Concept of the Month -- October 2006

"Anna Karenina" -- A Study in Character

While on a trip to the Ukraine, I read "Anna Karenina." I leave it to the reader both of the book and of this brief "Concept of the Month" to determine the type personality is being described. The following quotes from Joel Carichael's translation offer some clues:

*Anna thinks: "What are all these church bells for, all that ringing, all those lies? Only to hide the fact that we all hate another."

*Anna thinks: "Aren't we all cast into the world only in order for us to hate one another?"

*Anna re her son whom she abandoned: "Seryhozha?...I also thought I loved him....But then I went on living without him, and I changed him for the other love and didn't regret the change as long as I was satisfied with the other love." | "Even her separation from her own son whom she loved so much did not torment her at first either."

*Anna re her love for Vronsky: "I require him to give himself up to me, all of him, more and more completely...He tells me I'm senselessly jealous, but it's not true."

*Anna re Vronsky: "Since she was jealous, Anna kept losing her temper with him; she seized on everything to justify her indignation.
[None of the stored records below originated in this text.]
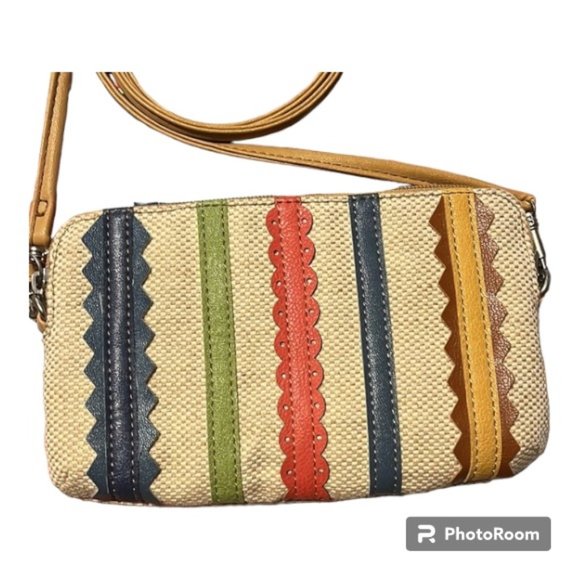 Relic Colorful Striped Convertible Crossbody Wristlet - Picture 3 of 12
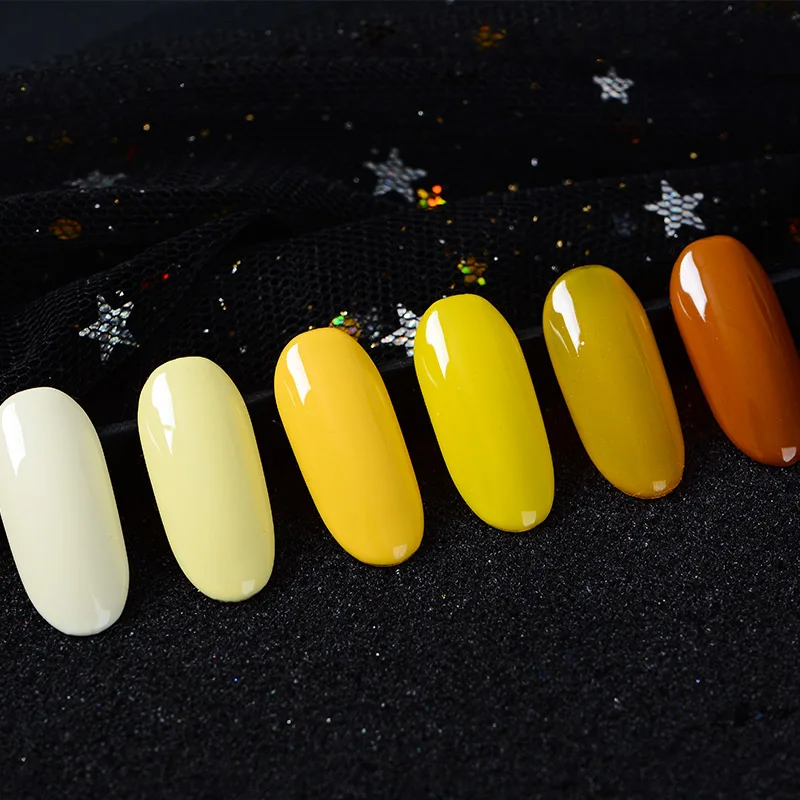 T-TIAO CLUB, 7 мл, Желтая серия, Цветной Гель-лак для ногтей, замачиваемый, для маникюра, УФ-Гель-лак, сделай сам, лак для ногтей, украшение для ногтей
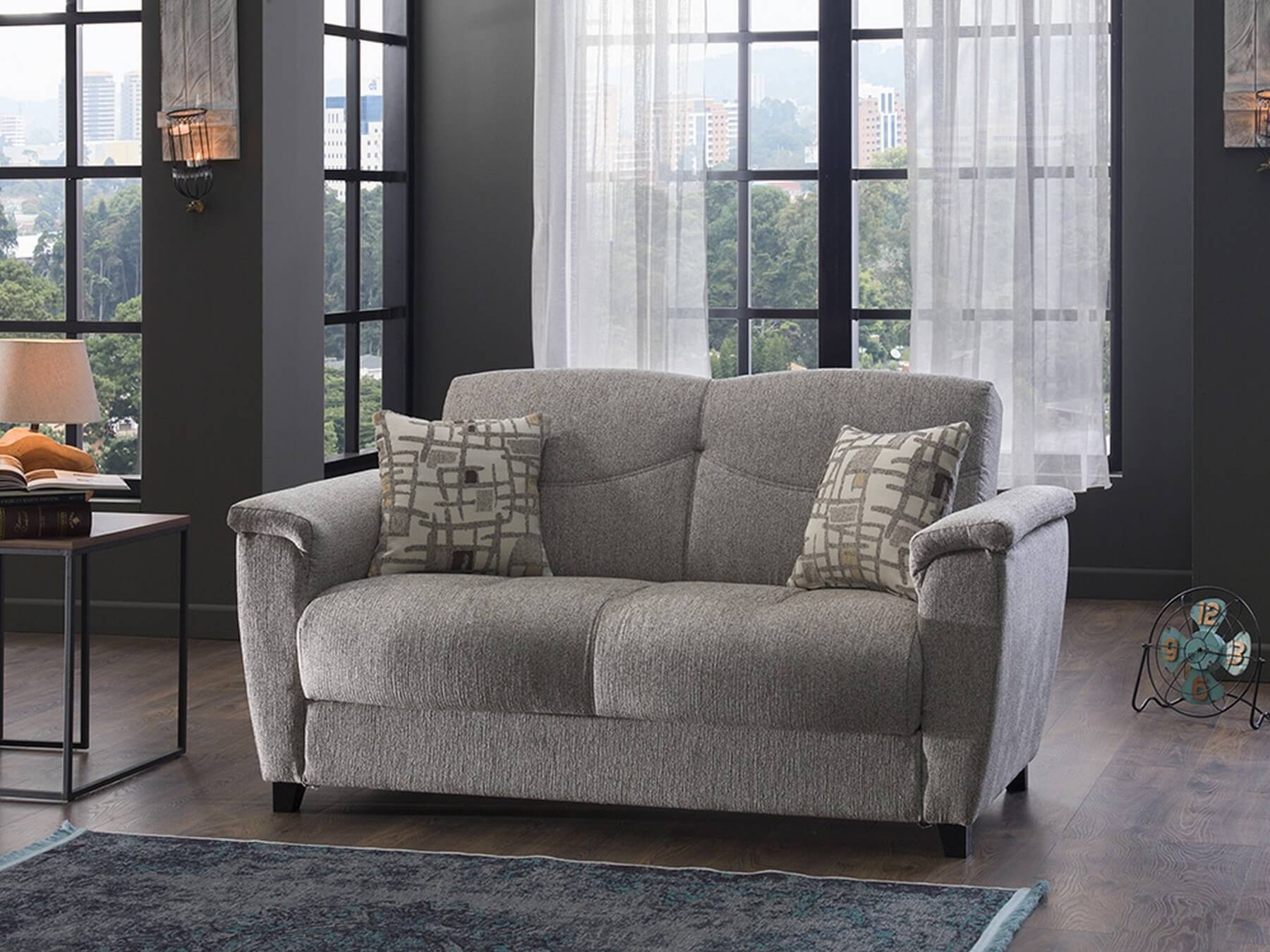 Anderson 2in 1 Flared Arm Couch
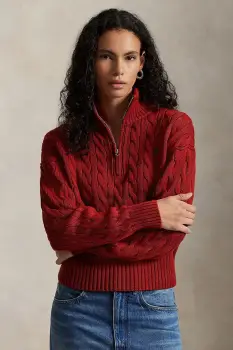 Polo Ralph Lauren pulover pentru femei din bumbac imagine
She blamed him for all the hardships of her situation." | "Instantly her despairing jealousy changed into a despairing passionate tenderness."

*Anna re her perspective: "I don't want to prove anything at all -- all I want to do is live, harming no one but myself." | "However sincerely Anna wanted to suffer, she did not suffer. There was no shame of any kind."

*Vronsky to Anna: "Then tell me what I have to do for you to feel at easy. I'm ready to do anything to make you happy."

*Anna's thoughts re suicide: "She started thinking once again with enjoyment of how he [i.e., Vronsky] would torment himself, repent, and love the memory of her when it was already too late."

The old countess's assessment of Anna was: "No, no matter what you say she was a bad woman. Such desperate passions! It's all just to prove something special. Well, now she's proved it; she's destroyed herself and two fine men -- her husband and my unfortunate son."

I leave it to the reader of the book and the above excerpts to assess the character of Anna Karenina. Consider it in light of descriptions of "borderline personality disorder".